Matthew Seaman m.seaman at infracaninophile.co.uk
Tue Jan 13 15:46:32 UTC 2015


On 01/13/15 15:24, Patrick Powell wrote:
> On 01/12/15 11:46, Chris H wrote:
>>
>>> My main complaint with pkg is the persistent misunderstanding that
>>> binary packages are a direct replacement for ports.
>>> http://www.wonkity.com/~wblock/docs/html/pkg.html
>> I'd be inclined to agree here.

The aim with pkg(8) in this regard was to make it possible to maintain a
machine using only binary packages.  Something that it has succeeded at,
given the proviso that you have access to a repo with all the
customizations you need available.  If the default options don't cut it
for you, in order to use only binary packages that means you need to run
your own poudriere setup -- which is well worth it if you're managing
several machines / jails etc.  You don't need a ports tree on every
single machine, and the length of your intervention on a production
server is pretty much as long as 'pkg upgrade' takes to run, which is
much quicker and less intrusive than running builds locally.

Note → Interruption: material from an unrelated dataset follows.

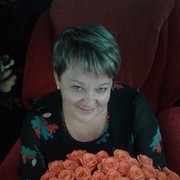  ,   , 56 ,     , c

However, while pkg(8) now has the right mechanics to maintain a machine
with binaries only, the ports tree is still (despite all the work that
has been going into it recently) not yet set up to support doing that
very effectively.  In essence, we'd need to be building several
different 'flavours' for certain packages, along with various other
enhancements like sub-packages and PROVIDES/REQUIRES style dependencies.

Note that *none* of this is going to impede building stuff straight out
of ports in the time honoured fashion.  That simply is not on the pkg(8)
agenda.

> There are some ports that almost demand a local version - apr (Apache
> Portability Library) being one of them.
> Currently,  I am locking 'apr' so that pkg upgrade does not clobber
> apr,  and this has worked so far.
> 
> Just an observation.

Yes, absolutely.  The configurability with the ports tree is one of it's
major benefits, and yet also a significant hindrance in many circumstances.